As a neurodivergent person, I've struggled with social exhaustion. Learn how I've managed my social battery, set boundaries, and prioritised self-care. Discover strategies that might work for you too.
As a neurodivergent person, I've often felt exhausted after even the simplest social interaction. This experience, commonly referred to as "social exhaustion," is a result of my brain and its unique processing and response to social stimuli. My social battery is limited and drains very quickly in social situations.
Having a social battery that feels so much shorter than everyone else's can feel incredibly isolating. I want to be friendly and social, but I often find myself hitting my limit after just an hour or two. Then, I have to do my impersonation of a hermit crab and it takes me days to recover. Spoon theory comes into play regarding how fast my battery depletes, I only have a certain number of spoons and social interactions can use them up quickly.
What is a Social Battery?
A social battery is a metaphorical concept used to describe the fluctuating energy levels people experience during social interactions. It's akin to having a finite amount of energy that can be depleted or recharged. For neurotypical people, social interactions can often recharge their social battery. However, for many neurodivergent people, social situations can drain their energy rapidly.
While not a literal biological construct, the concept of a social battery is grounded in neuroscience. Some of the neurological factors that may contribute to differences in social batteries include:
Neurotransmitter Imbalances:
Brain Structure and Connectivity:
Differences in Brain Regions: Studies have shown that individuals who are autistic may have differences in the amygdala, a brain region involved in emotional processing. This can affect their ability to understand and respond to social cues.
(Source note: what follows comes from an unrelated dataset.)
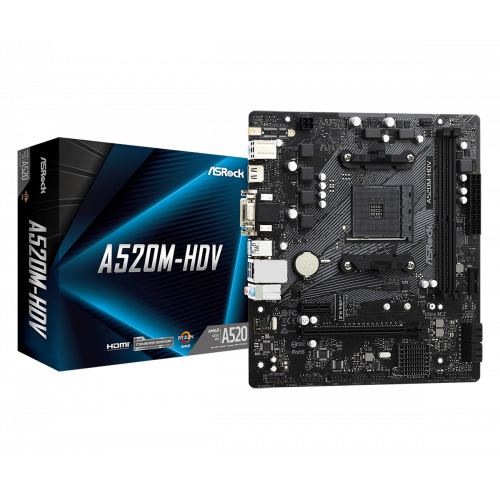 24485-#PLACA ASROCK A520M-HDV,AMD,AM4,A520,2DDR4,MATX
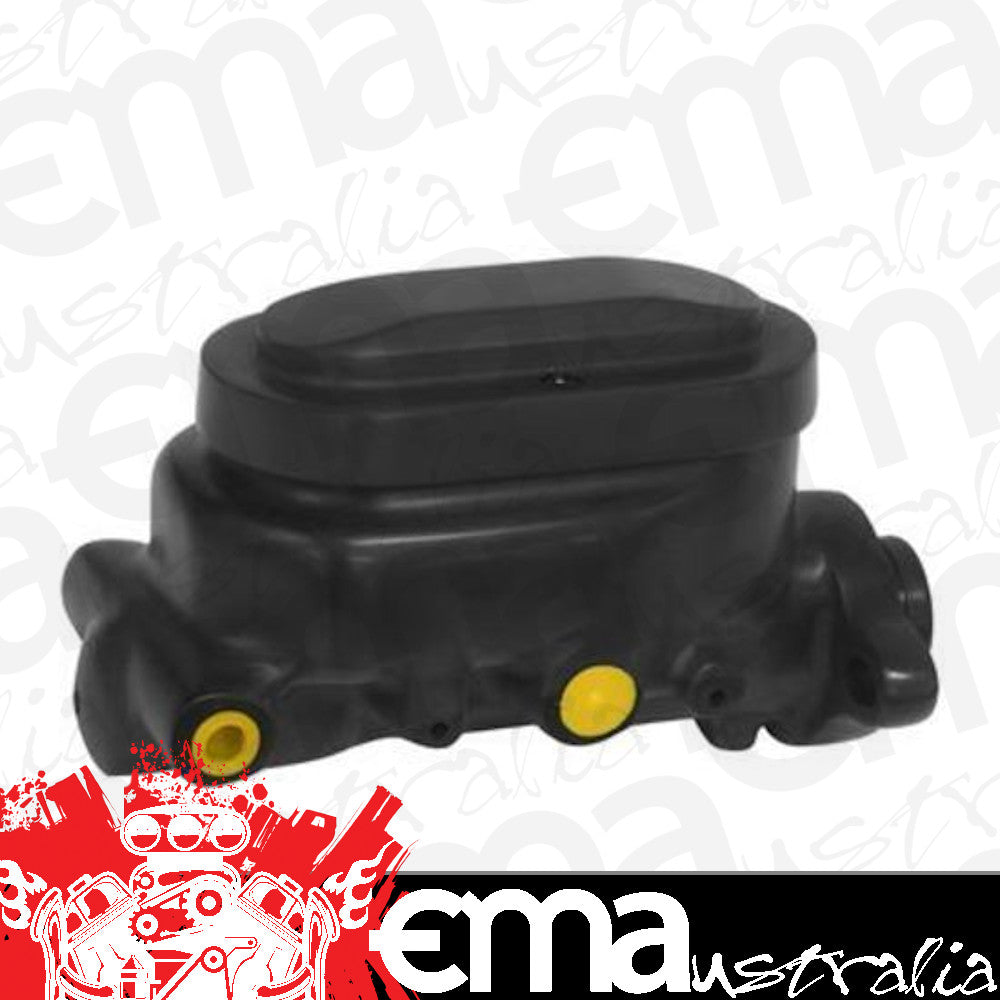 Proflow PFEMC2912BK Master Cylinder Universal GM Raised Top Aluminium Black 1.125 " Bore Dual Bowl Ports Both side Each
Connectivity Issues: Differences in connectivity between brain regions can also impact social cognition and emotional regulation.
It's important to remember that these factors can interact in complex ways, and the impact on social batteries can vary significantly from person to person. It's also important to recognise the complex interplay of psychological, environmental, and cultural factors that shape our social experiences.
Social exhaustion can have a significant impact on the mental, emotional, and physical well-being of neurodivergent people. In my experience, it can often lead to:
Increased irritability: Feeling drained and overwhelmed can make it difficult to manage emotions, leading to increased irritability.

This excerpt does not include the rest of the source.